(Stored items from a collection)
....
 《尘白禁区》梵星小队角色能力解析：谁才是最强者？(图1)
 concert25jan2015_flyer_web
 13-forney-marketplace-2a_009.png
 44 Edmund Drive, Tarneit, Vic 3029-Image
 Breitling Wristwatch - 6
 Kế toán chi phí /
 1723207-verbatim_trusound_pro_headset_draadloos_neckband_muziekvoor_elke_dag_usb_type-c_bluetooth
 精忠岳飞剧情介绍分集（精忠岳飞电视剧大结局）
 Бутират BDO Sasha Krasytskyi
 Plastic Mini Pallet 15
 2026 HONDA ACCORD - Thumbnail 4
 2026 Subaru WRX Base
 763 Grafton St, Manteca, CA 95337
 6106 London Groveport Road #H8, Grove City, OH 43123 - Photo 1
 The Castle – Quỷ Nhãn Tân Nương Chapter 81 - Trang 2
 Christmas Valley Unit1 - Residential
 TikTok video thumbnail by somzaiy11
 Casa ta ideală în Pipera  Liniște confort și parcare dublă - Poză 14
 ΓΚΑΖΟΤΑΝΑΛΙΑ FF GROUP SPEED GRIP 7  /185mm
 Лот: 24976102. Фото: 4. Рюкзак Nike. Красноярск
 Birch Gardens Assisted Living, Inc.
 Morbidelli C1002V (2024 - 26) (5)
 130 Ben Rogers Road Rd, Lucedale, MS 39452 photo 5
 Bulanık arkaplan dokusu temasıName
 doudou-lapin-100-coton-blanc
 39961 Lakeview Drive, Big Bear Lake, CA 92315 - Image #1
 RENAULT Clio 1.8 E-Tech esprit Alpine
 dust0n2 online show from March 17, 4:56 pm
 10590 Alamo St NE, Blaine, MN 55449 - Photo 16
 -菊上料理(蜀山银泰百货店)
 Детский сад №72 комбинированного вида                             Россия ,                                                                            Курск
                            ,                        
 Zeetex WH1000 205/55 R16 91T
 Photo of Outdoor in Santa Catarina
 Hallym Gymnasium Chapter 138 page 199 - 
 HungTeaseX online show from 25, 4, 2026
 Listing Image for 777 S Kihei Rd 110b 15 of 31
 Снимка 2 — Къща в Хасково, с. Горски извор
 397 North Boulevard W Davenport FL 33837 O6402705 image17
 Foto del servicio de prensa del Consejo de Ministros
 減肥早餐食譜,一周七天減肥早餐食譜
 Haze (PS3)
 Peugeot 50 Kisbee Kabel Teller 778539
....
Assigned task:
Up to and including the line with "TikTok video thumbnail by somzaiy11", output every line of the records above exactly, starting from the first; output nothing else.

Answer for the task:
 《尘白禁区》梵星小队角色能力解析：谁才是最强者？(图1)
 concert25jan2015_flyer_web
 13-forney-marketplace-2a_009.png
 44 Edmund Drive, Tarneit, Vic 3029-Image
 Breitling Wristwatch - 6
 Kế toán chi phí /
 1723207-verbatim_trusound_pro_headset_draadloos_neckband_muziekvoor_elke_dag_usb_type-c_bluetooth
 精忠岳飞剧情介绍分集（精忠岳飞电视剧大结局）
 Бутират BDO Sasha Krasytskyi
 Plastic Mini Pallet 15
 2026 HONDA ACCORD - Thumbnail 4
 2026 Subaru WRX Base
 763 Grafton St, Manteca, CA 95337
 6106 London Groveport Road #H8, Grove City, OH 43123 - Photo 1
 The Castle – Quỷ Nhãn Tân Nương Chapter 81 - Trang 2
 Christmas Valley Unit1 - Residential
 TikTok video thumbnail by somzaiy11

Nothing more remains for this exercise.